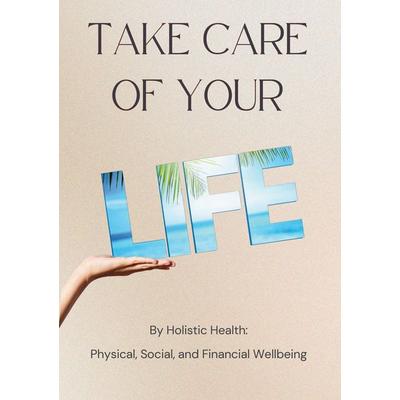 Take care of your life, Taschenbuch von Mirjam Kraushaar, Tredition, 978-3-384-73804-2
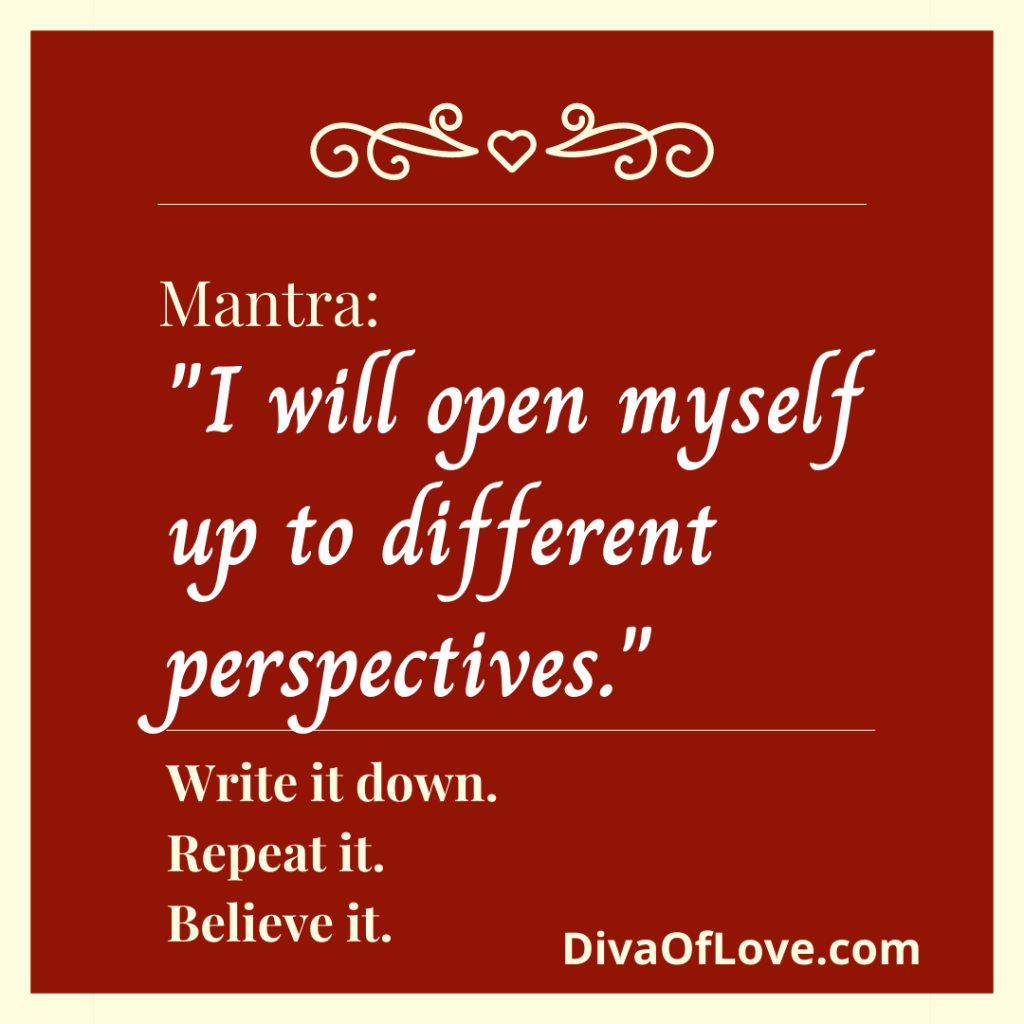 Monday Mantra open-to-different-perspectives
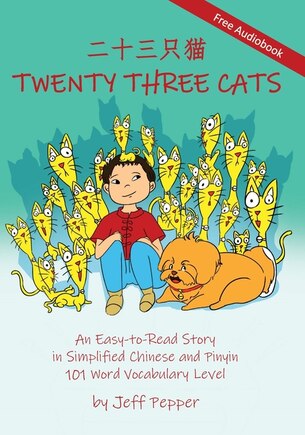 Twenty Three Cats: An Easy-to-read Story In Simplified Chinese And Pinyin,101 Word Vocabulary Level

--

§ Exercise instructions
Return the material above verbatim. Pictures are to be excluded.

§ Exercise result
 Take care of your life, Taschenbuch von Mirjam Kraushaar, Tredition, 978-3-384-73804-2
 Monday Mantra open-to-different-perspectives
 Twenty Three Cats: An Easy-to-read Story In Simplified Chinese And Pinyin,101 Word Vocabulary Level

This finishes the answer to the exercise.